Technetium-99m methylene diphosphonate (MDP) is one of the most commonly used tracers for SS and its mechanism of action involves a complex interaction of bone repair and blood flow. SS targets the bony cortex, binding to the hydroxyapetite produced when the bone attempts to repair damage caused by metastases.22 As a whole body imaging modality, bone scan is currently the method of choice for detecting asymptomatic osseous metastases during initial staging or restaging of patients with malignancies that produce blastic or mixed bone metastases, such as prostate, breast, and lung cancer.19 Lytic metastases may not allow sufficient reparative bone formation for detection on SS (see Figure 33-4). Therefore, the radiographic skeletal survey can be used in place of or in addition to bone scan for staging malignancies that produce purely lytic metastases such as renal cell and thyroid carcinoma. Myeloma lesions suppress osteoblast activity, producing false-negative results to the extent that bone scan is not recommended for staging these patients.2325

Bone scans are more sensitive than specific for the detection of osseous metastases.16 A wide range of benign findings (e.g., arthritis, healing fractures, benign bone tumors such as enchondromas and fibrous dysplasia) can induce tracer uptake and mimic metastatic disease.26 Alternatively, metastases that heal with sclerosis can subsequently accumulate more radionuclide than was present during disease progression, resulting in a deceptive “flare” phenomenon.27,28 Because bone scans provide limited anatomic detail, these pitfalls cannot be resolved by SS alone. Therefore, the sensitivity of bone scan is often combined with the specificity of radiography to provide a powerful and relatively inexpensive means of diagnosing indeterminate findings on bone scan.3,19,26

SPECT/CT is a dual-modality imaging technique that acquires scintigraphic and CT data sets on a single, hybrid scanner. Traditional bone scanning is a planar modality that produces single anterior and posterior whole body images with optional oblique or spot views. SPECT is used to perform bone scans in a cross-sectional manner. The axial images increase contrast resolution, resulting in greater sensitivity29 and specificity30 for detection of bony metastases than those achieved with planar scans. Nevertheless, anatomic detail remains limited and specificity of SPECT is further increased when fused with CT.31 Modern SPECT/CT scanners are multifunctional machines that can perform planar bone scan, SPECT, and CT on the same hybrid scanner. SPECT/CT is most commonly used to determine the etiology of indeterminate uptake on planar bone scan (Figure 33-6), which can be accomplished in the same imaging session and with the same dose of tracer on the hybrid scanner.

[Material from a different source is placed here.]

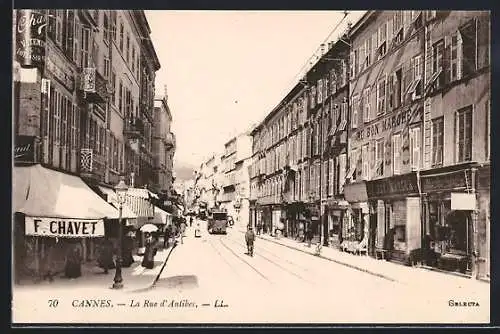 AK Cannes, La Rue d`Antibes, Strassenbahn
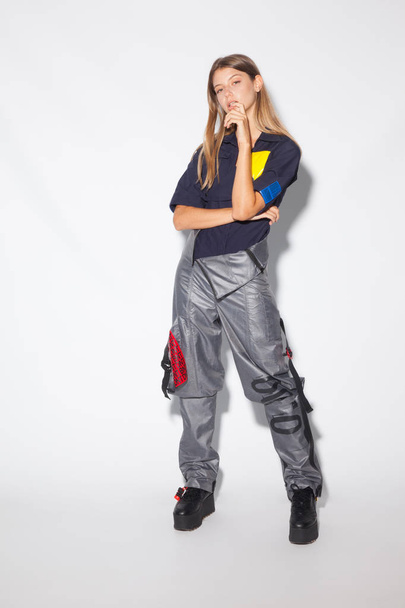Beautiful girl, model with futuristic urban clothes, expressions of a beautiful girl on white background - Valokuva, kuva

[18F]-fluoro-2-deoxy-D-glucose (FDG) PET is a functional imaging modality that reflects cellular glucose metabolism. FDG, the most commonly used PET tracer for oncologic indications, is a radiolabeled glucose molecule. Numerous malignancies have high glucose metabolism. Two important factors regarding the uptake and intracellular accumulation of FDG involve cell membrane glucose transport proteins (GLUTs) and the intracellular enzyme hexokinase. Of the GLUT family of transport proteins, GLUT 1 is both ubiquitous and up-regulated in many neoplasms. Once FDG enters the cell, it is phosphorylated by hexokinase into FDG-6-phosphate.32 This molecule is not suitable for further metabolism; the negative charge imputed by the phosphate moiety makes it impermeable to the cell membrane and dephosphorylation is slow. Therefore, FDG accumulates in the cells. The tracer emits positrons that, following an interaction with an electron, results in the near-simultaneous emission of a pair of 511-keV photons (nearly 180 degrees apart) that are detected by scintillation crystals embedded in the PET scanners, thereby localizing the decay event within the body.33

FDG uptake is not limited to tumor cells; other conditions result in FDG accumulation such as inflammatory (e.g., arthritis, infection) or physiologic (e.g., brain and liver function) processes. Despite these limitations, PET alone (no CT) was found to be more specific for detection of bony metastases than planar SS3436 owing to the higher spatial resolution of PET.34,37,38 Evaluation of the morphology of the bone metastases has shown that PET reveals more lytic than blastic lesions.39,40 Lytic bone metastases typically heal with sclerosis41 and prior treatment likely influenced this conclusion in some studies. Otherwise, it has been suggested that blastic metastases may not be as easily detected by PET owing to relatively lower cellularity42 in comparison with more highly cellular lytic lesions. Current technology employs fused PET/CT data sets obtained on hybrid PET/CT scanners. A review that compared the reported sensitivity and specificity data of 10 studies that used PET alone with 2 studies that used PET/CT to detect bony metastases found the median sensitivity of PET/CT to be higher than PET (95.2%, and 83.9%, respectively) whereas the specificity was similar (94.6% and 95.8%, respectively).43 More research is needed to evaluate the influence of fused CT on the sensitivity and specificity of PET for the detection of bone metastases in general and blastic lesions in particular. Whereas PET scans are expensive and accessibility can be limited, the combination of functional and anatomic imaging makes FDG-PET/CT a powerful modality for whole body tumor assessment.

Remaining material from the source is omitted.